Members of both the Senate Committee on Natural Resources and the Wildfire Programs Advisory Council have expressed support for continued mapping of wildfire hazards to identify where to direct investments in wildfire mitigation activities including fuels reduction and building defensible space.
“Our goal this session is to get resources and expertise to Oregonians already doing good work on the ground to protect their properties and neighborhoods,” said Sen. Jeff Golden (D), Ashland. Golden chairs the Senate Committee on Natural Resources and was the chief sponsor of SB 762. “It’s important to get that done and to do all we can to ease the homeowner insurance challenges that the era of megafires has brought us before moving forward with any map.”
There is also broad recognition of the need for increased outreach, education and engagement with communities. “We need an integrated, coordinated and robust communications and outreach effort across all Senate Bill 762 programs to help property owners understand what their classification means, how they can better protect their homes and what resources are available to help them with that work,” said Mark Bennett, chair of the Wildfire Programs Advisory Council.
OSU, ODF’s partner in the development of the map, will lend technical expertise to upcoming educational efforts related to wildfire risk and hazard. “We are prepared to support state agencies in education plans and will help develop and implement an operational plan as needed,” said Tom DeLuca, dean of OSU’s College of Forestry. Other state agencies with SB 762 responsibilities that have a nexus to the map are Office of the State Fire Marshal, Department of Consumer and Business Services – Building Codes Division and the Department of Land Conservation and Development.

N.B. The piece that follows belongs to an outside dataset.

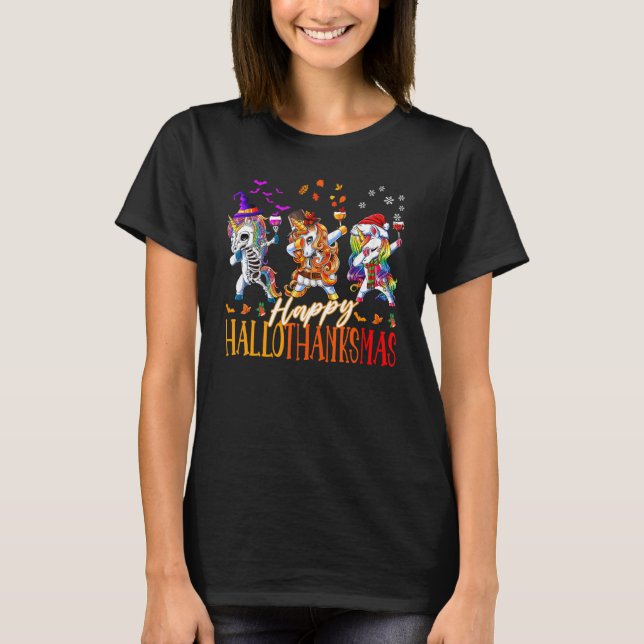 T-shirt Unicorn Dabbing Happy Hallothanksmas Cute family c (Devant)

“The success of this whole program depends on strong collaboration between state government, local leaders and property owners in wildfire-prone areas. Building that partnership has to be job number one over the coming months,” Golden explained. “When we feel like we’re pulling in the same direction, we’ll be ready for a much better conversation about the map.”
While the Legislature is in session, the department will:
- Continue to work with OSU on exploring technical adjustments in response to feedback received on the initial map, including concerns related to irrigated lands and classification differences on adjacent lots.
- Follow the progress of bills related to the risk map to plan quickly and appropriately for any rulemaking actions or other activities required to implement new or changed legislative direction.
- Work with the Wildfire Programs Advisory Council to identify community needs and with partner agencies to leverage opportunities for outreach, education and engagement.